本論文研究可分為二個部份,第一部份採用AdaBoost迭代學習演算法,在每一輪的樣本訓練中加入一個新的弱分類器,再將各個訓練得到的弱分類器集結起來,建構組合成一個強分類器。此一強分類器主要是利用經編程的Haar-like特徵作為人臉偵測之關鍵視覺特徵,然後刪除影像中大部分不重要的背景區塊,以加速影像處理計算所耗費的時間,接著再將影像轉換為HSV色彩空間,用以辨別膚色作為輔助,並設定不同偵測參數條件及影像高度濾除比例與微笑屬性分類,以增進人臉及臉部微笑偵測效果,由此偵測結果之精確率可達82.3%。接著第二部份係將人臉偵測後,採用深度學習之卷積神經網路,結合TensorFlow Keras API多項式迴歸分析擬合微笑曲率偵測微笑程度,並將微笑圖片標記預處理且進行影像資料訓練,接著應用於臉部微笑偵測。隨著訓練數量的增加,準確率可達97.7%。因此由偵測結果得知採本研究新修編CNN結合TensorFlow Keras深度學習系統用於臉部微笑辨識較AdaBoost機器學習演算架構具有更佳效果及高於15%以上的精確性。本研究可應用於醫療足跡框列,情緒分析,國防軍事,服務業之人際互動及智慧製造等產業,在將來深具實用價值。

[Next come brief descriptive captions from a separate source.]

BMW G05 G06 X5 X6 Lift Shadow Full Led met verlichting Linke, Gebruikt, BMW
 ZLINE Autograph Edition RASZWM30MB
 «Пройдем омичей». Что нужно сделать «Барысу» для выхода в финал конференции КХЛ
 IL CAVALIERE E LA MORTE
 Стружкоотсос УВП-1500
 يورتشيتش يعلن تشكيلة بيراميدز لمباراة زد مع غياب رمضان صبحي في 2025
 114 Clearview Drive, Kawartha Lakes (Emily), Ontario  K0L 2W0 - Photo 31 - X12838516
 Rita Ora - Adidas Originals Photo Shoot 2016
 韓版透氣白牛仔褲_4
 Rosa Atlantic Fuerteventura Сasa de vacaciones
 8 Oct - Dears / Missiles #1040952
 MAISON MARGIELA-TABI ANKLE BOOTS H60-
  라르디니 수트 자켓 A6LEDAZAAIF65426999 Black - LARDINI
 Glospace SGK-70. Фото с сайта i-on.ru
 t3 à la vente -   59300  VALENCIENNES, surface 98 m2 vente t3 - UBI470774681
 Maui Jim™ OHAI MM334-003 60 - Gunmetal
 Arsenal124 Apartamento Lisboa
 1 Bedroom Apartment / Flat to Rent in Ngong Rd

Smile is one of the important characteristics of human mental state, and the detection of smile starts with face recognition. In the study, the Haar-like feature classification training model of machine learning and the convolutional neural network (CNN) algorithm framework of deep learning were used to detect and recognize faces and smiles. The effect of different parameters and conditions on the accuracy of smiles were investigated and to obtain the ability of real-time best facial smile detection.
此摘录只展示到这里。